Ahora, más o menos dispersos, manteniendo sólo la unidad del grupo de amigos íntimos, siempre más pequeño que aquel que salió de San Francisco o Altagracia, iniciábamos el retorno hasta el mercado.
Al día siguiente, hasta el amanecer del veinticuatro, se repetiría aquella caminata.
VII
Repartiendo el producto del trabajo.
Dos para mí, dos para él, dos para el tren, dos para el bote, uno para ti. Volvamos a empezar. Y estos para el mar.
Llegó la hora de la repartición. La pesca es buena. Aunque hay varias peces que todavía no han alcanzado el tamaño apetecible y es posible y necesario dejarles que lo alcancen. Al final de la jornada, todos éstos volverán al mar. Era la ley natural a la que aquella humilde gente se amoldaba. No había excusa ni motivo para violarla o proceder de otra manera.
El patrón y algunos pescadores se acuclillaban al lado del promontorio formado por la pesca. Lo primero que hacían era seleccionar aquellas especies que volverían al mar y las iban lanzando con delicadeza. Luego clasificaban la pesca atendiendo al tamaño y especies. Los corocoros de un lado, catalanas en otro, cojinúas en este sitio. Los grandes aquí, los medianos allá y pequeños en este sitio.
Comenzaba el reparto del trabajo, sin explicación alguna, pues lo harían como los ancestros. La regla era por todos conocida y acatada. No obstante, para quienes estos lean, habremos de explicarla, en ayuda del patrón.
Tres para mí, como patrón y propietario de bote. Tres para cada uno de mis compañeros, por su trabajo previo, el posterior, cuando ustedes se hallan ido y sus botes. Uno más a cada uno de nosotros, por el tren. Uno a cada uno de ustedes por el trabajo de jalar la red hasta la orilla y ayudar a recalar los botes. Así se repartía hasta que el promontorio de peces se agotaba. Mientras se iba repartiendo, otras veces, quienes de aquello se encargaban, regresaban al mar lo que fuese necesario y hasta obligatorio.
Al final, su hermano y él, regresaban al barrio con una inmensa guinda de pescado cada uno. Lo que uno sólo de ellos había recibido, en aquella generosa repartición, sobraba para la comida de la casa. Pues al día siguiente, a las diez volverían de nuevo a la faena. En su casa y en ninguna del barrio había nevera. Por eso, entraban a diferentes casas cada día y dejaban parte del pescado. Aquel gesto, que hacían otros muchachos, no era en vano, siempre se recompensaba. Así era aquella gente.

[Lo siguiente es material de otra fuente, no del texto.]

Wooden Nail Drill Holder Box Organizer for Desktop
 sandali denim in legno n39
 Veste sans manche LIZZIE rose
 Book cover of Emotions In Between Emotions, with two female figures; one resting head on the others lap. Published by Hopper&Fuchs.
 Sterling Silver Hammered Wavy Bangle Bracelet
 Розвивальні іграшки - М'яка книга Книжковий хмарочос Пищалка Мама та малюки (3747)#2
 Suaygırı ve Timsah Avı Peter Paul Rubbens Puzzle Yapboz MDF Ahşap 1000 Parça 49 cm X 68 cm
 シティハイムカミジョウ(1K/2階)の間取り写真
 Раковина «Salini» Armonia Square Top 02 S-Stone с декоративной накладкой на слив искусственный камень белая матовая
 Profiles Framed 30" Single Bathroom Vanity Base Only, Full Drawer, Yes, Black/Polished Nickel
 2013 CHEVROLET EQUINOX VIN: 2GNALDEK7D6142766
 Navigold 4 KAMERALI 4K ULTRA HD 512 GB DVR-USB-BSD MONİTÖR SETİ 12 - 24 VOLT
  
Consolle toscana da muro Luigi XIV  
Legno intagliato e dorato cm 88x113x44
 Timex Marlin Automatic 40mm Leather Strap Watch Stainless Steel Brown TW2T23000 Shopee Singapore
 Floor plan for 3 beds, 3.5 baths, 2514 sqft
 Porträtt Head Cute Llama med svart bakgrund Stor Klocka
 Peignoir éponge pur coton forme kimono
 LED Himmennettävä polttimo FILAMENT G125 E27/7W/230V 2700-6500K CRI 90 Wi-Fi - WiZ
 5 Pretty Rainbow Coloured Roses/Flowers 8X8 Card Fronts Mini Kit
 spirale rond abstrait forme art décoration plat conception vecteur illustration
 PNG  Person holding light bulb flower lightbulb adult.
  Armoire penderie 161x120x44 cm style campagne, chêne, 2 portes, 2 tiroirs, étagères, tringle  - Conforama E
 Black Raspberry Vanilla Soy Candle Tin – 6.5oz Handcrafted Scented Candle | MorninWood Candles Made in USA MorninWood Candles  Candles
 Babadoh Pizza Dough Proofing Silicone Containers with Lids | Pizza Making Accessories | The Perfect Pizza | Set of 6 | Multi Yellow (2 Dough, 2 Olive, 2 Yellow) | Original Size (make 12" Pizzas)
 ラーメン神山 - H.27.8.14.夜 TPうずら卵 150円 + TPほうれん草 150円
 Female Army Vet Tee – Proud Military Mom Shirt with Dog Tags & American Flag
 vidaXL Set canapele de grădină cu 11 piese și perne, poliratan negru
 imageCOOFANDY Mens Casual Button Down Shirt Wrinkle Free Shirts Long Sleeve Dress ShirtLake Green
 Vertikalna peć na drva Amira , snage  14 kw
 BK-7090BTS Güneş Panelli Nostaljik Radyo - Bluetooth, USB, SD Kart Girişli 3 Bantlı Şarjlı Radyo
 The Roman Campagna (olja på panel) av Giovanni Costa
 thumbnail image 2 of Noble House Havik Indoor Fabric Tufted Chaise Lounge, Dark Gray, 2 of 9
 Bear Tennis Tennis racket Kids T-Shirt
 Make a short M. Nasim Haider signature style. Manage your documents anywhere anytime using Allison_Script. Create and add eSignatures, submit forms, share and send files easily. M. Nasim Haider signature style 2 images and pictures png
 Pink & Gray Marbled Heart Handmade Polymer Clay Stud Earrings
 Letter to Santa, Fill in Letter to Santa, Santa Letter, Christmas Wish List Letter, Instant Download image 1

Había un permanente intercambio:
Nadie conservaba para sí lo que le sobraba y faltaba a otro.
Repartir el producto del trabajo con aquel criterio era demasiado generoso; distinto al proceder impuesto por los valores civilizado de ahora; aquella conducta valoraba el trabajo y que el mar, para decirlo recordando a Ciro Alegría, "es ancho y ajeno".
Eso que ahora suelen llamar progreso pareciera egoísta y hasta poco civilizado.
VIII
El arribo al mercado.
Muchos grupos, cada uno por su lado, al regreso arribaban al mercado. Era el sitio como secretamente convenido para poner fin a cada jornada que creían relacionada con la misa. Tampoco nadie sabía cómo empezó aquello, pero el paso final de cada misa. Finalizadas éstas, pocas veces volvían a aquel sitio.
Tras un mostrador de concreto sobre el cual había dos enormes ollas de aluminio repletas de chicha de arroz, Francisco y Antonio, servían a la multitudinaria concurrencia. Muy cerca de ellos, casi al lado y al frente, separados por un nada amplio pasillo, estaban las empanaderas. Tomar uno o dos vasos de la primera ya misma cantidad del producto de las segundas, significaba el final de aquella navideña jornada.
Entre la gente de su pueblo siempre había una mano tendida y una actitud solidaria, igual como si se estuviese a la orilla de la playa.